◆ Provided data ◆
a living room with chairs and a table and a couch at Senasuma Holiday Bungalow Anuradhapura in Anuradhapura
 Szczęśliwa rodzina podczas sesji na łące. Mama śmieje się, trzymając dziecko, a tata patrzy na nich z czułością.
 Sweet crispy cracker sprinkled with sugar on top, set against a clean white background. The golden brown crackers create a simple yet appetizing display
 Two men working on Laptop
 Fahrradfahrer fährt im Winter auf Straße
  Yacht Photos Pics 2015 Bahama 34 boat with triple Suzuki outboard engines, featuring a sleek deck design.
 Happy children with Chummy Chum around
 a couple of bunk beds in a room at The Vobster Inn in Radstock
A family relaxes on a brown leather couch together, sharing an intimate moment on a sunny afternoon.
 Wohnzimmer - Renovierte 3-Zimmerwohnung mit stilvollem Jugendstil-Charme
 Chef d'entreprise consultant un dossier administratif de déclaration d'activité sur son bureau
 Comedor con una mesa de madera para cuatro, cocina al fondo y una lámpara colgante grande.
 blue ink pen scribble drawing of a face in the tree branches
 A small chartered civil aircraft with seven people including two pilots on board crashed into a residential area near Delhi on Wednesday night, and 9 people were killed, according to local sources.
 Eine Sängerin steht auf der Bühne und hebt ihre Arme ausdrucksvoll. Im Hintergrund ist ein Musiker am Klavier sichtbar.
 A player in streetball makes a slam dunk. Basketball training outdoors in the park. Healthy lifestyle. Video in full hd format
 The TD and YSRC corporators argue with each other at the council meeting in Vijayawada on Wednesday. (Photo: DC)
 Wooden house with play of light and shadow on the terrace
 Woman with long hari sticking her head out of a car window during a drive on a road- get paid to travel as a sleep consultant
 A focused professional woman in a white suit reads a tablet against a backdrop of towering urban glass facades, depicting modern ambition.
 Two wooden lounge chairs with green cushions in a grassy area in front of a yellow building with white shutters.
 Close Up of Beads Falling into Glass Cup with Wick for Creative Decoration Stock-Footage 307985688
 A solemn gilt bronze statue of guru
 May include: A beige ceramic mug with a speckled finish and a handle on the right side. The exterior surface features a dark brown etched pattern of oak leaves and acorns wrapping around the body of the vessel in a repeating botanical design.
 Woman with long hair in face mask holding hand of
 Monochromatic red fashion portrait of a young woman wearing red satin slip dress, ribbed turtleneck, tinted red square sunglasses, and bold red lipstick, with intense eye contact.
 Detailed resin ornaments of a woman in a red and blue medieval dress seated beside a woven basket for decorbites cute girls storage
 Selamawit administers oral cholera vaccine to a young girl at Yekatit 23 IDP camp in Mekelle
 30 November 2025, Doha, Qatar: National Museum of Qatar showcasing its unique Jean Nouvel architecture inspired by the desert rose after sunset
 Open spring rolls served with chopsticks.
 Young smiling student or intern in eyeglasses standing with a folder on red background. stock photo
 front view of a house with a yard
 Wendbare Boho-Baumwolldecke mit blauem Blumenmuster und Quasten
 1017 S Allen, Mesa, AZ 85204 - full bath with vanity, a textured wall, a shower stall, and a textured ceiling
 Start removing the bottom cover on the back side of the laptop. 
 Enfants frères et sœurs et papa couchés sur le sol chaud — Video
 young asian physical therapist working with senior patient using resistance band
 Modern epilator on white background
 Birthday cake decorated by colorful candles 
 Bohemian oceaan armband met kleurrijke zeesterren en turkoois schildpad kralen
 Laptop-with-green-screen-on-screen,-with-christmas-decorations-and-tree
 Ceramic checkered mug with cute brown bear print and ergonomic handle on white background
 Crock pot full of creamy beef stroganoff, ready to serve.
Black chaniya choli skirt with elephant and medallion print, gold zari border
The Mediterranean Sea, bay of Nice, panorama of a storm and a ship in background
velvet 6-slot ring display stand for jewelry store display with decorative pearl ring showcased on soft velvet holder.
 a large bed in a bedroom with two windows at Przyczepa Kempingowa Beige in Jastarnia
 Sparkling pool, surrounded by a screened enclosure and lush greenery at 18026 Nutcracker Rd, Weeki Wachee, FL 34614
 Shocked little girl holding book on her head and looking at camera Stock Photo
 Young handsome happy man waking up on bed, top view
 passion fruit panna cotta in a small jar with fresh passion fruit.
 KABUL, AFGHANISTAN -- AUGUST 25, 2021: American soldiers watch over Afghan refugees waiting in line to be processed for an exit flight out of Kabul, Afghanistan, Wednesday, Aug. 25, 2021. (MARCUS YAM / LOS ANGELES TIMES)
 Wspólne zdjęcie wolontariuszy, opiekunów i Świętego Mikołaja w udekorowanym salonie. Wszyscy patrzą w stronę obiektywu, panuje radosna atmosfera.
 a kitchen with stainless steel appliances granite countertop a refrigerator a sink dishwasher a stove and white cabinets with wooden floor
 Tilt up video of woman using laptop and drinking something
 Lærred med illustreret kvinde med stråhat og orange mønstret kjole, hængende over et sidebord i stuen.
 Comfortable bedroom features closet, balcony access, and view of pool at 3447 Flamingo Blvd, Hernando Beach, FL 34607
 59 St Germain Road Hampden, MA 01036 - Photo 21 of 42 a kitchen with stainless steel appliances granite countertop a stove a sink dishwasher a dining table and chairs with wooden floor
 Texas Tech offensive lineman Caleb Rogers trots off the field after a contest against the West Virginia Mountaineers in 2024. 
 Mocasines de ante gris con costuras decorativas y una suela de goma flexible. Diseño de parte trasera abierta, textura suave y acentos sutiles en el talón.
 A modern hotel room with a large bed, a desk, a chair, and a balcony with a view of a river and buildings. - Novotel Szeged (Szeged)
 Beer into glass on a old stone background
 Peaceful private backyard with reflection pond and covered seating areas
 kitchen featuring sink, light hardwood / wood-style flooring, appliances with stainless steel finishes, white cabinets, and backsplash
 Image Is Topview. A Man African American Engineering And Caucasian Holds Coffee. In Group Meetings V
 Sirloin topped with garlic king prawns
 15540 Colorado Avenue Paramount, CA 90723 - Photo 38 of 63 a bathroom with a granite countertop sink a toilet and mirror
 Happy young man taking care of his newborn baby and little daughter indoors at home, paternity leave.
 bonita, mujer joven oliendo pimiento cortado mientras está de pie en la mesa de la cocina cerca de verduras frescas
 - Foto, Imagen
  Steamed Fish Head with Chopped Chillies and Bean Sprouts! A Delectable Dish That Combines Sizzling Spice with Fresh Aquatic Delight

◆ Work item ◆
Your response must consist of the entries, reproduced exactly.

◆ Response to this exercise ◆
a living room with chairs and a table and a couch at Senasuma Holiday Bungalow Anuradhapura in Anuradhapura
 Szczęśliwa rodzina podczas sesji na łące. Mama śmieje się, trzymając dziecko, a tata patrzy na nich z czułością.
 Sweet crispy cracker sprinkled with sugar on top, set against a clean white background. The golden brown crackers create a simple yet appetizing display
 Two men working on Laptop
 Fahrradfahrer fährt im Winter auf Straße
  Yacht Photos Pics 2015 Bahama 34 boat with triple Suzuki outboard engines, featuring a sleek deck design.
 Happy children with Chummy Chum around
 a couple of bunk beds in a room at The Vobster Inn in Radstock
A family relaxes on a brown leather couch together, sharing an intimate moment on a sunny afternoon.
 Wohnzimmer - Renovierte 3-Zimmerwohnung mit stilvollem Jugendstil-Charme
 Chef d'entreprise consultant un dossier administratif de déclaration d'activité sur son bureau
 Comedor con una mesa de madera para cuatro, cocina al fondo y una lámpara colgante grande.
 blue ink pen scribble drawing of a face in the tree branches
 A small chartered civil aircraft with seven people including two pilots on board crashed into a residential area near Delhi on Wednesday night, and 9 people were killed, according to local sources.
 Eine Sängerin steht auf der Bühne und hebt ihre Arme ausdrucksvoll. Im Hintergrund ist ein Musiker am Klavier sichtbar.
 A player in streetball makes a slam dunk. Basketball training outdoors in the park. Healthy lifestyle. Video in full hd format
 The TD and YSRC corporators argue with each other at the council meeting in Vijayawada on Wednesday. (Photo: DC)
 Wooden house with play of light and shadow on the terrace
 Woman with long hari sticking her head out of a car window during a drive on a road- get paid to travel as a sleep consultant
 A focused professional woman in a white suit reads a tablet against a backdrop of towering urban glass facades, depicting modern ambition.
 Two wooden lounge chairs with green cushions in a grassy area in front of a yellow building with white shutters.
 Close Up of Beads Falling into Glass Cup with Wick for Creative Decoration Stock-Footage 307985688
 A solemn gilt bronze statue of guru
 May include: A beige ceramic mug with a speckled finish and a handle on the right side. The exterior surface features a dark brown etched pattern of oak leaves and acorns wrapping around the body of the vessel in a repeating botanical design.
 Woman with long hair in face mask holding hand of
 Monochromatic red fashion portrait of a young woman wearing red satin slip dress, ribbed turtleneck, tinted red square sunglasses, and bold red lipstick, with intense eye contact.
 Detailed resin ornaments of a woman in a red and blue medieval dress seated beside a woven basket for decorbites cute girls storage
 Selamawit administers oral cholera vaccine to a young girl at Yekatit 23 IDP camp in Mekelle
 30 November 2025, Doha, Qatar: National Museum of Qatar showcasing its unique Jean Nouvel architecture inspired by the desert rose after sunset
 Open spring rolls served with chopsticks.
 Young smiling student or intern in eyeglasses standing with a folder on red background. stock photo
 front view of a house with a yard
 Wendbare Boho-Baumwolldecke mit blauem Blumenmuster und Quasten
 1017 S Allen, Mesa, AZ 85204 - full bath with vanity, a textured wall, a shower stall, and a textured ceiling
 Start removing the bottom cover on the back side of the laptop. 
 Enfants frères et sœurs et papa couchés sur le sol chaud — Video
 young asian physical therapist working with senior patient using resistance band
 Modern epilator on white background
 Birthday cake decorated by colorful candles 
 Bohemian oceaan armband met kleurrijke zeesterren en turkoois schildpad kralen
 Laptop-with-green-screen-on-screen,-with-christmas-decorations-and-tree
 Ceramic checkered mug with cute brown bear print and ergonomic handle on white background
 Crock pot full of creamy beef stroganoff, ready to serve.
Black chaniya choli skirt with elephant and medallion print, gold zari border
The Mediterranean Sea, bay of Nice, panorama of a storm and a ship in background
velvet 6-slot ring display stand for jewelry store display with decorative pearl ring showcased on soft velvet holder.
 a large bed in a bedroom with two windows at Przyczepa Kempingowa Beige in Jastarnia
 Sparkling pool, surrounded by a screened enclosure and lush greenery at 18026 Nutcracker Rd, Weeki Wachee, FL 34614
 Shocked little girl holding book on her head and looking at camera Stock Photo
 Young handsome happy man waking up on bed, top view
 passion fruit panna cotta in a small jar with fresh passion fruit.
 KABUL, AFGHANISTAN -- AUGUST 25, 2021: American soldiers watch over Afghan refugees waiting in line to be processed for an exit flight out of Kabul, Afghanistan, Wednesday, Aug. 25, 2021. (MARCUS YAM / LOS ANGELES TIMES)
 Wspólne zdjęcie wolontariuszy, opiekunów i Świętego Mikołaja w udekorowanym salonie. Wszyscy patrzą w stronę obiektywu, panuje radosna atmosfera.
 a kitchen with stainless steel appliances granite countertop a refrigerator a sink dishwasher a stove and white cabinets with wooden floor
 Tilt up video of woman using laptop and drinking something
 Lærred med illustreret kvinde med stråhat og orange mønstret kjole, hængende over et sidebord i stuen.
 Comfortable bedroom features closet, balcony access, and view of pool at 3447 Flamingo Blvd, Hernando Beach, FL 34607
 59 St Germain Road Hampden, MA 01036 - Photo 21 of 42 a kitchen with stainless steel appliances granite countertop a stove a sink dishwasher a dining table and chairs with wooden floor
 Texas Tech offensive lineman Caleb Rogers trots off the field after a contest against the West Virginia Mountaineers in 2024. 
 Mocasines de ante gris con costuras decorativas y una suela de goma flexible. Diseño de parte trasera abierta, textura suave y acentos sutiles en el talón.
 A modern hotel room with a large bed, a desk, a chair, and a balcony with a view of a river and buildings. - Novotel Szeged (Szeged)
 Beer into glass on a old stone background
 Peaceful private backyard with reflection pond and covered seating areas
 kitchen featuring sink, light hardwood / wood-style flooring, appliances with stainless steel finishes, white cabinets, and backsplash
 Image Is Topview. A Man African American Engineering And Caucasian Holds Coffee. In Group Meetings V
 Sirloin topped with garlic king prawns
 15540 Colorado Avenue Paramount, CA 90723 - Photo 38 of 63 a bathroom with a granite countertop sink a toilet and mirror
 Happy young man taking care of his newborn baby and little daughter indoors at home, paternity leave.
 bonita, mujer joven oliendo pimiento cortado mientras está de pie en la mesa de la cocina cerca de verduras frescas
 - Foto, Imagen
  Steamed Fish Head with Chopped Chillies and Bean Sprouts! A Delectable Dish That Combines Sizzling Spice with Fresh Aquatic Delight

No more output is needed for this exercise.